• _Records supplied_
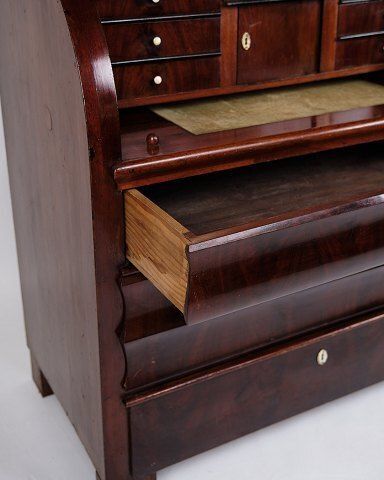 Chatol   Hand Polished Mahogany   Mother Of Pearl Fittings & Bone Knobs   Year 1860s photo buy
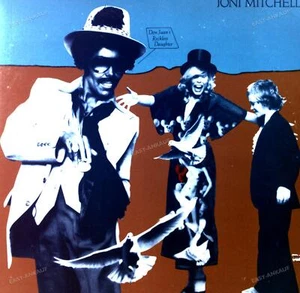 Joni Mitchell - Don Juan's Reckless Daughter LP (VG/VG) .* - Picture 1 of 1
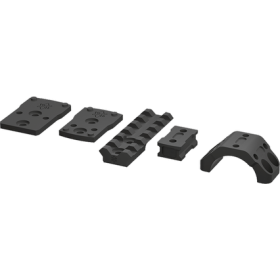 Kit Montage X-Accu 30mm : Fixation Stable pour Viseur Rouge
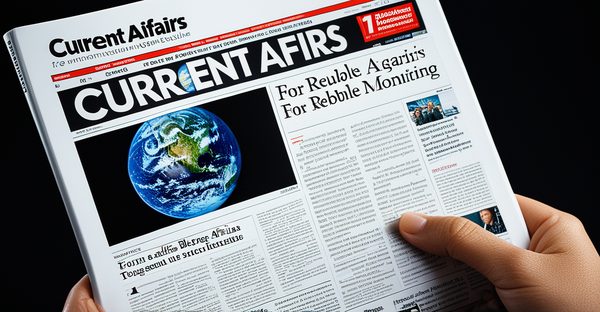 Magazine d'actualité et d'information : pour une veille scientifique fiable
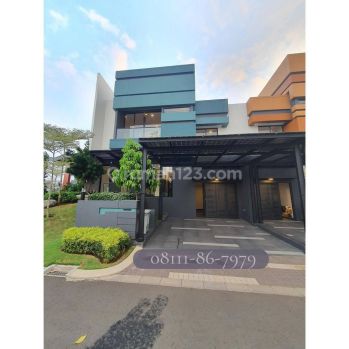 Dijual Rumah Mewah Gading Serpong Cluster View Danau Luas
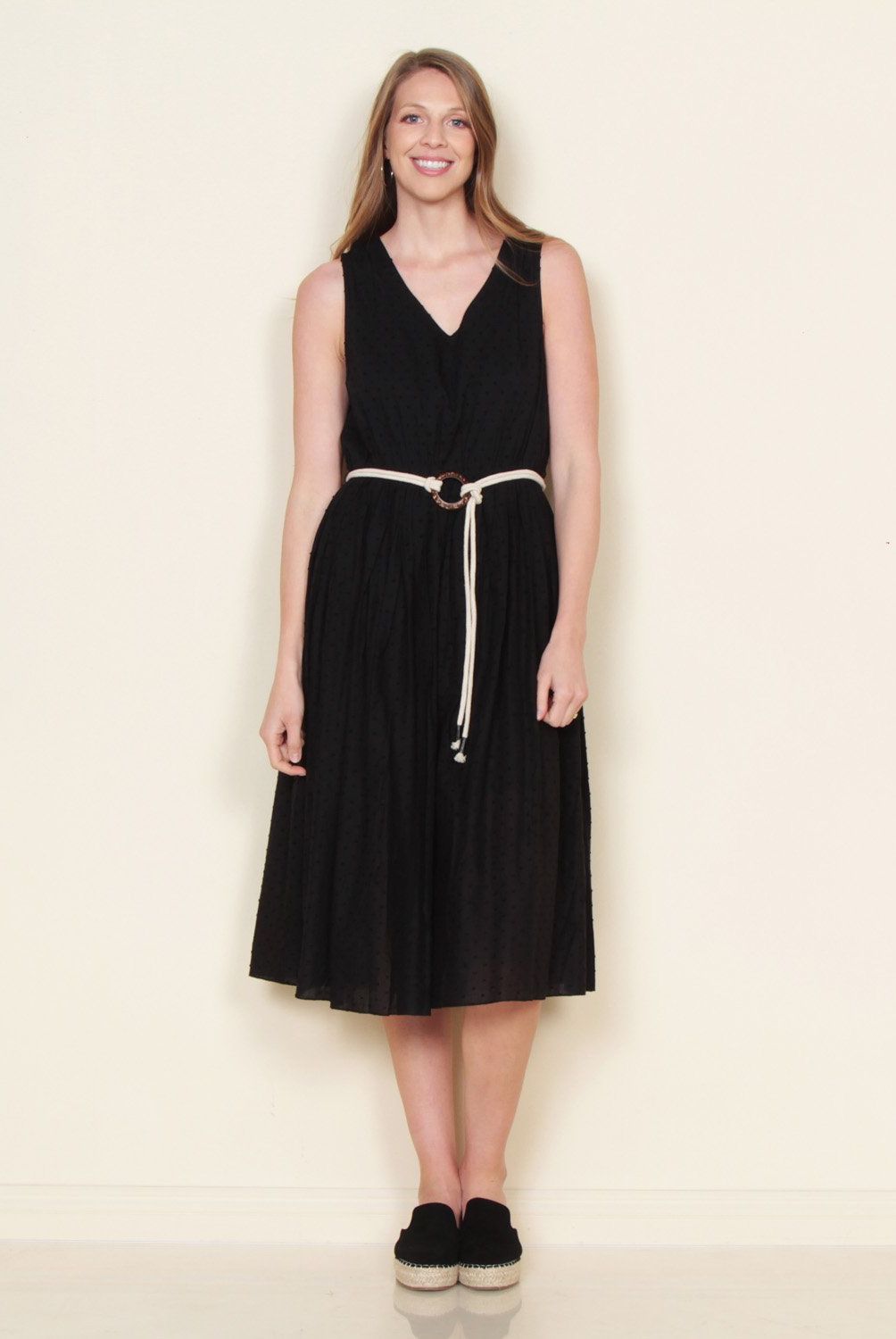 WADOS - Vestido Midi Algodón Mujer Wados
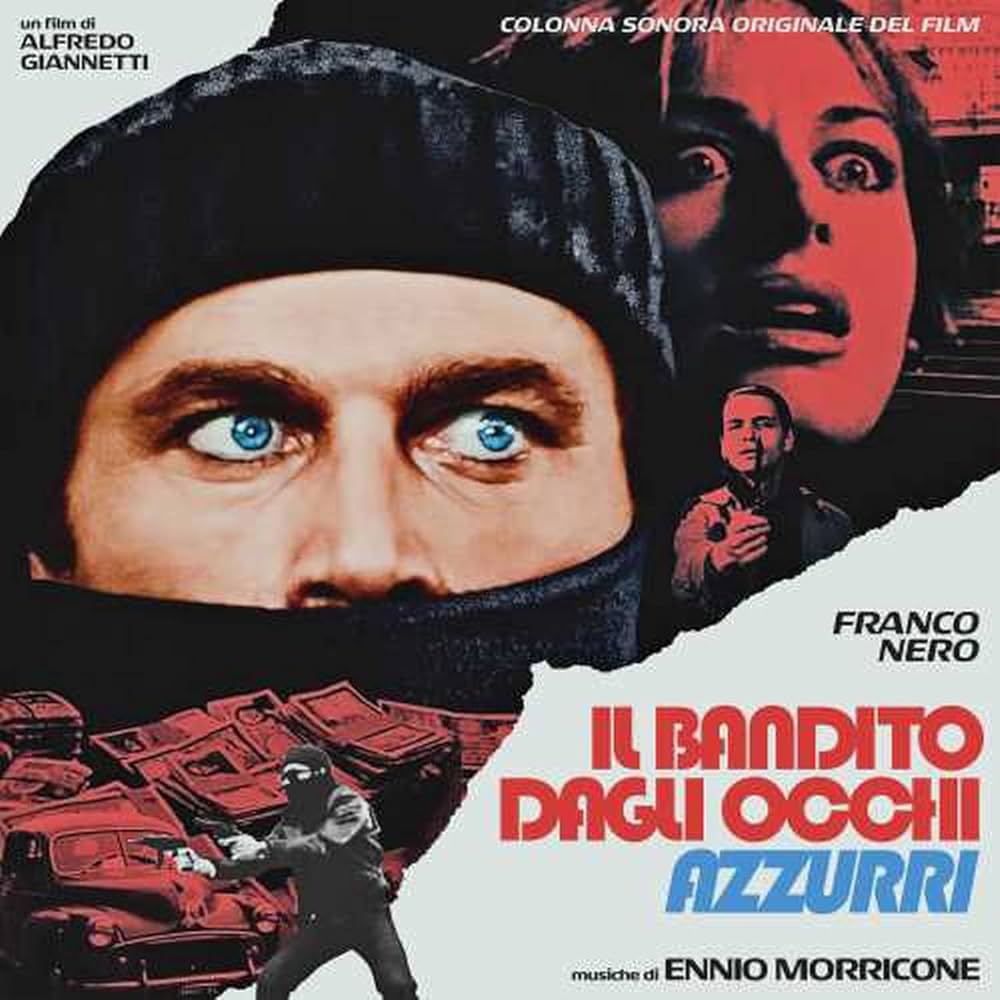 CS005 - Ennio Morricone - Blue-Eyed Bandit (Original Soundtrack)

• _Work request_
Using the listing above, set down exactly each line from the one containing "Magazine d'actualité et" through the final line, and leave out pictures.

• _Task response_
 Magazine d'actualité et d'information : pour une veille scientifique fiable
 Dijual Rumah Mewah Gading Serpong Cluster View Danau Luas
 WADOS - Vestido Midi Algodón Mujer Wados
 CS005 - Ennio Morricone - Blue-Eyed Bandit (Original Soundtrack)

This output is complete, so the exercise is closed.